To run an anova test, we will the `aov` built-in function. This function has the following form:

    aov(formula, data = NULL, projections = FALSE, qr = TRUE,
        contrasts = NULL, ...)
        
Here we can only use formulas, but the syntax is similar to what we have seen already for the function `t-test`.

In [47]:
res.aov<-aov(value~group, data = anova.data)
res.aov

Call:
   aov(formula = value ~ group, data = anova.data)

Terms:
                   group Residuals
Sum of Squares   44.6691  348.7716
Deg. of Freedom        2        72

Residual standard error: 2.20092
Estimated effects may be unbalanced

mmm... And the p-value? Just running the above formula will not give you the p-value directly. For that, you will need to pass the resulting object from calling `aov` to the `summary` function:

In [51]:
summary(res.aov)

            Df Sum Sq Mean Sq F value Pr(>F)  
group        2   44.7  22.335   4.611 0.0131 *
Residuals   72  348.8   4.844                 
---
Signif. codes:  0 ‘***’ 0.001 ‘**’ 0.01 ‘*’ 0.05 ‘.’ 0.1 ‘ ’ 1

So we finally got our p-value, which, assuming a type I error $\alpha=0.05$, suggests that we should reject the null that assumes that the means of all populations are equal. 

### POST-HOC ANALYSIS

The above result indicates that there is a significant difference in means between at least one pair of populations, but it does not specify which pairs have a significant difference. To identify significant pairs, we need to conduct a **post-hoc analysis**, which involves performing a Student's t-test for all possible population pairs in our data. 

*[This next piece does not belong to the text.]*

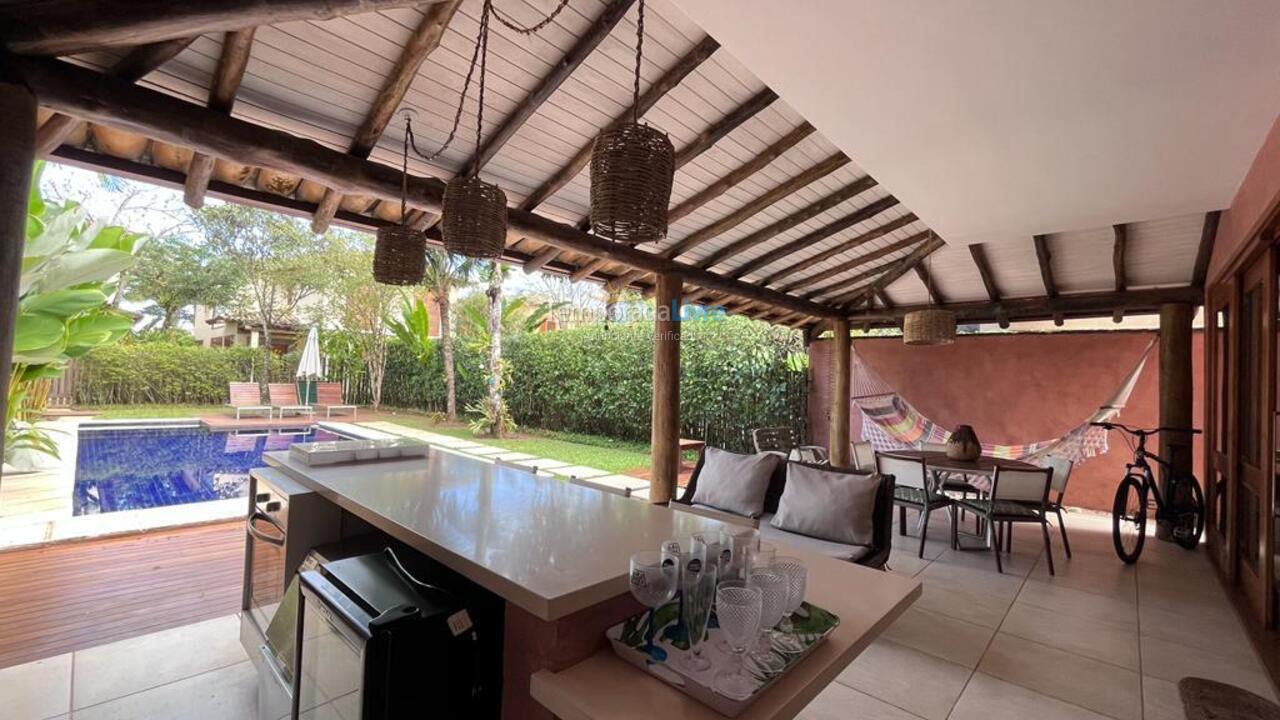 House for vacation rental in São Sebastião (Barra do Una)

However, since multiple tests will be performed in this analysis, we must adjust our type I error $\alpha$ to account for it. Correcting for multiple testing is crucial and will be discussed in detail towards the end of the course. There are multiple procedures for doing this kind of correction, but for now we will just assume a **Bonferroni** correction, which just divides the original type I error $\alpha$ by the number of tests performed. As a result, in the above result, since we had three groups, we will be performing three tests. Assuming a typical type I error $\alpha=0.05$, that means that the Bonferroni corrected type I error will be $\alpha=0.05/3$. That is, now, to claim that of the possible three tests are significant, their p-value must equal or smaller than 0.05/3, instead of the usual 0.05.

In R, we can run a post-hoc analysis performing pairwise comparisons using t-tests with the function `pairwise.t.test`:

In [59]:
pairwise.t.test(anova.data$value, 
                anova.data$group,
                p.adjust.method = "bonferroni")


	Pairwise comparisons using t tests with pooled SD 

data:  anova.data$value and anova.data$group 

  a     b    
b 0.012 -    
c 1.000 0.137

P value adjustment method: bonferroni 

From these results, we can claim that the only the means between the group a and b are different.